Machine Learning: using predictive modeling to estimate how KPIs are likely to change under different conditions, and how best to respond.
Example: Airline passenger count predictions under different COVID environments.
Data Integration Strategy: to fuel robust, predictive analytics models.
Example: Evaluating existing observed customer behavioral data (web behavior), primary quant research, expenditure data (e.g. Experian), watch data (e.g. Nielsen); and determining what to use and how to integrate it for predictive models.
Driver Analysis: Identify critical factors that impact business success by uncovering underlying motivators of consumer attitudes and behaviors – such as satisfaction, purchase intent, and likelihood to recommend.
Maximum Difference Scaling (MaxDiff): Obtain relative importance or preference scores for features, benefits, claims or offerings through a robust trade-off exercise. This method provides enhanced measurement and discrimination in results to help clients prioritize areas of focus.
Discrete Choice Modeling (DCM) / Conjoint : Optimize product offerings by evaluating consumers’ preferences and willingness to pay. This rigorous approach evaluates consumer purchase decisions in the context of actual buying scenarios through head-to-head trade-offs.
Reach/Line Optimization : Identify the optimal combination of features and benefits that appeal to and reach the largest number of consumers. Using powerful statistical techniques like Total Unduplicated Reach and Frequency (TURF) or Shapley Value, insights help inform product development, rationalize decisions about specific product lines, and enhance marketing planning.
Segmentation: Uncover key consumer groups for targeting and shaping marketing strategy by deploying advanced multivariate clustering and classification algorithms. Segments are created based on what most differentiates consumers and drives their perceptions, attitudes, needs, and behavior.
Need State Identification: Identify consumers’ needs and occasions that align with, or can be created to align with, a product or service. We often deploy factor and cluster analysis to look at the intersection of consumer segments to help clients prioritize focus areas, innovation activities, and marketing strategies.
Market Sizing : Estimate the potential opportunity within a specific market category or subcategory. This analysis allows clients to verify if a new product or service opportunity has financial validity or if there is value in repositioning an existing product.
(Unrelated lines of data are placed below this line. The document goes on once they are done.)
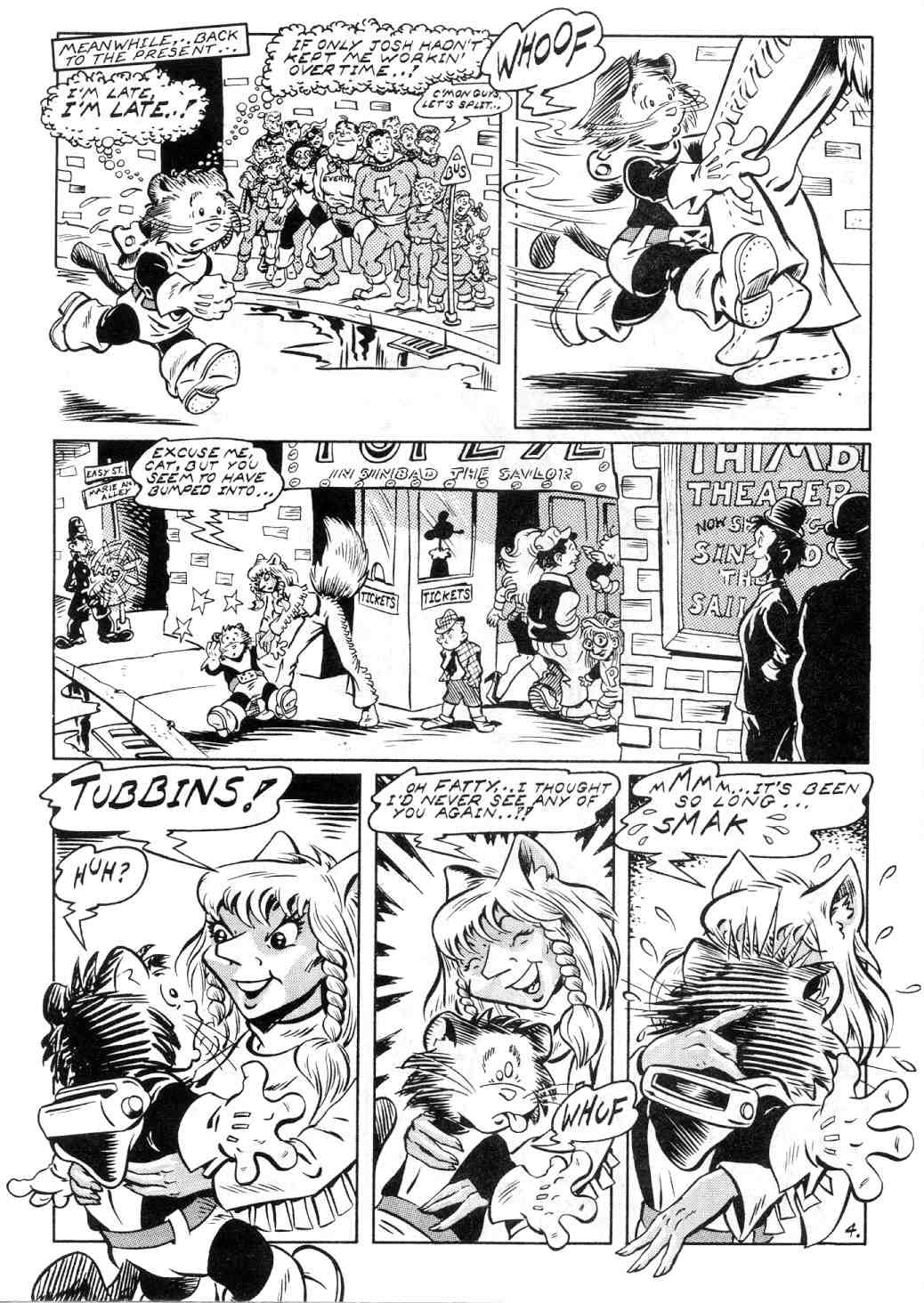 Read online Army  Surplus Komikz Featuring: Cutey Bunny comic -  Issue #5 - 6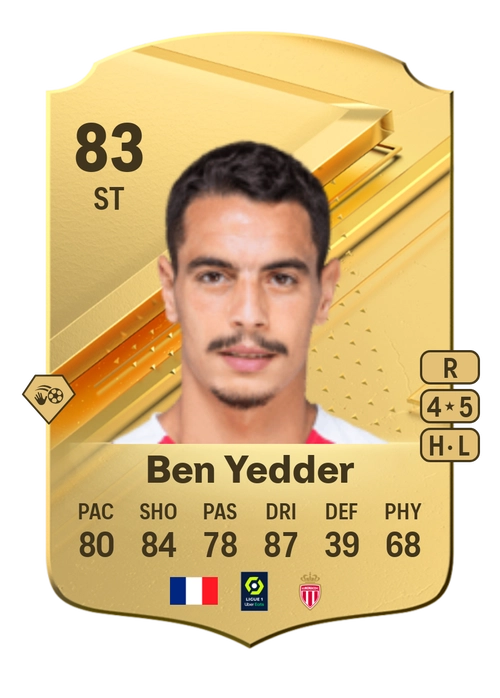 EA FC 24 Wissam Ben Yedder 83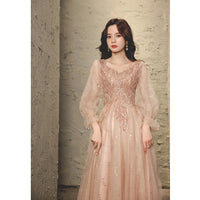 Fairy Temperament Princess Pink Dress - MANDOTOS INTERNATIONAL0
Pricing Analysis: Evaluate price sensitivity and determine the optimal price point for a product or service by assessing consumer expectations against the perceived value of the offering. We deploy a variety of methods to identify the optimal pricing, including Discrete Choice Modeling, Van Westendorp, and Gabor Granger.
Dial Testing: Collect real-time feedback on video/advertising content online or in-person by allowing consumers to adjust a “dial” based on their reactions to key performance metrics such as believability, motivation, and appeal.